### MATERIAL PROVIDED
========================

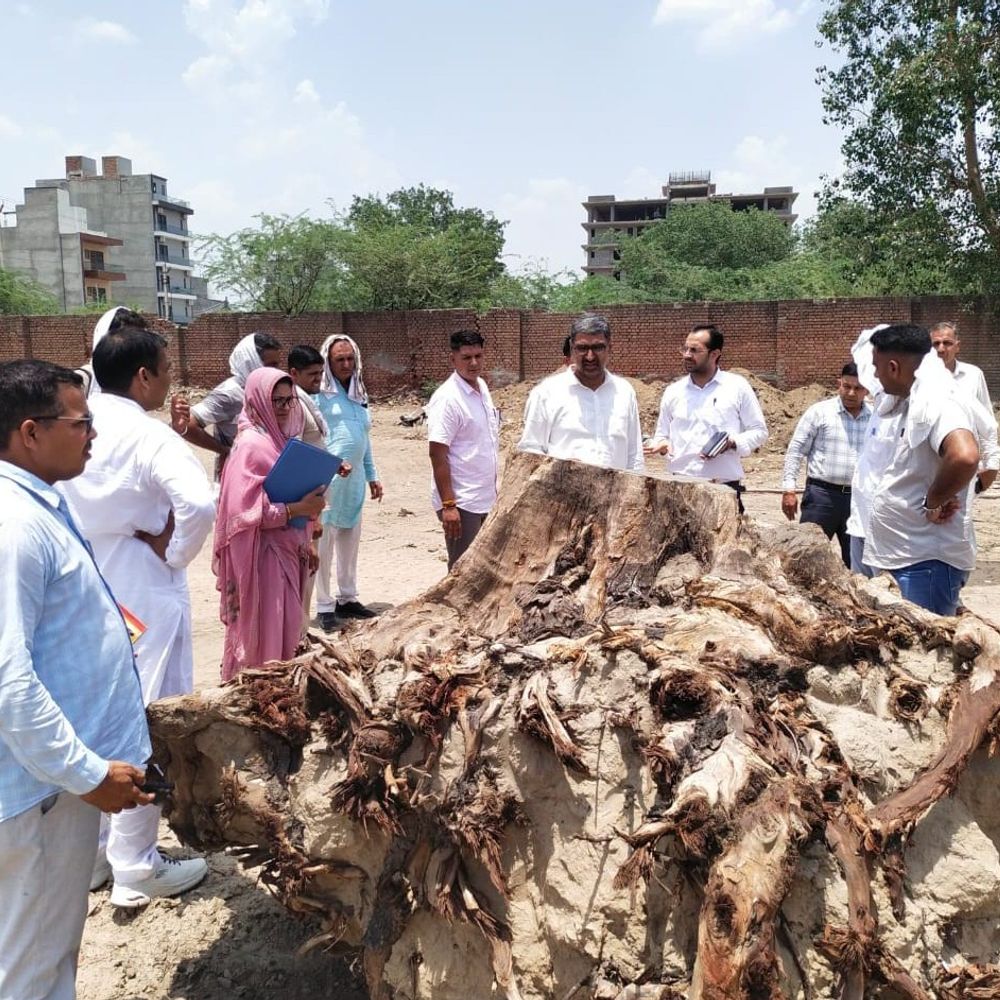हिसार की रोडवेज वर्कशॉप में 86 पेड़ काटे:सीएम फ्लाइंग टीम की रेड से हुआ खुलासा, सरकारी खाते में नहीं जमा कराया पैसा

========================

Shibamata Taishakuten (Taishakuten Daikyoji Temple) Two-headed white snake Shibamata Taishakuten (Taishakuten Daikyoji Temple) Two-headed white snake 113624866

========================

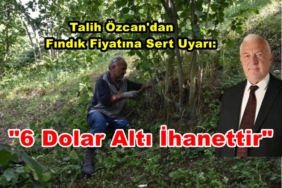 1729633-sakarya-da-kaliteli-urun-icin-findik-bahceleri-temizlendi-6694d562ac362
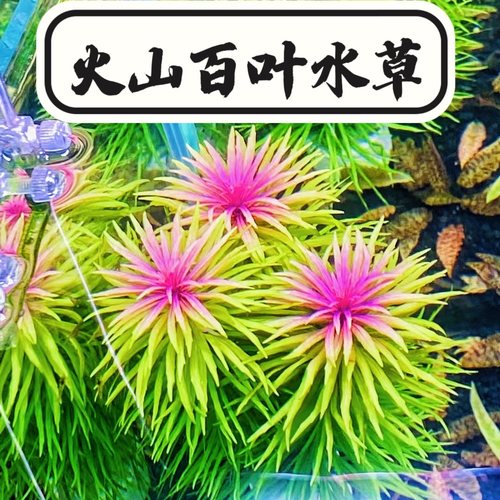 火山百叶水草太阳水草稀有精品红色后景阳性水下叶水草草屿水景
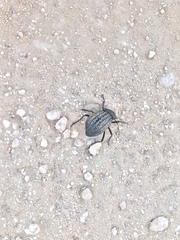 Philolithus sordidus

========================

Exactly the lines above, from the one containing "火山百叶水草太阳水草稀有精品红色后景阳性水下叶水草草屿水景" down to the one containing "Philolithus sordidus", are to be repeated, including both ends. Pictures are not part of the copy.

 火山百叶水草太阳水草稀有精品红色后景阳性水下叶水草草屿水景
 Philolithus sordidus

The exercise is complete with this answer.